Posted Jul 20, 2004 10:32 UTC (Tue) by rjw (guest, #10415) [Link]

When Linus says initramfs stuff will never happen,
did he mean he didn't like it, or that distributors can't be bothered?

If he didn't like it, was there a reason?

Kernel Summit: Short topics

Posted Jul 20, 2004 12:33 UTC (Tue) by jamesm (guest, #2273) [Link]

I think he was kind of joking.

asymmetric multiprocessing?

Posted Jul 20, 2004 11:38 UTC (Tue) by shapr (subscriber, #9077) [Link]

Has there been any progress doing multiprocessing with two different CPUs, rather than just two duplicate CPUs at different speeds?

asymmetric multiprocessing?

Posted Jul 21, 2004 1:43 UTC (Wed) by stuart (subscriber, #623) [Link]

I doubt it; it is terminally bonkers.

Stu.

asymmetric multiprocessing?

Posted Dec 31, 2004 5:34 UTC (Fri) by njhurst (guest, #6022) [Link]

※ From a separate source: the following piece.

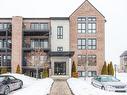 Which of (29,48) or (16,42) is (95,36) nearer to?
(29,48)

You mean like a PC with a video card with GPU, sound card with DSP and a floating point unit? As each of these components becomes more complex it will need to start maintaining its own resources just like an OS.

Asymmetric multiprocessing is useful in a number of areas, and I suspect it will become more so in the future.

Kernel Summit: Short topics

Posted Jul 20, 2004 21:41 UTC (Tue) by cliffman (guest, #13144) [Link]

So, for testing, how can OSDL get more people looking at the results of tests we run? ( always a question, sigh )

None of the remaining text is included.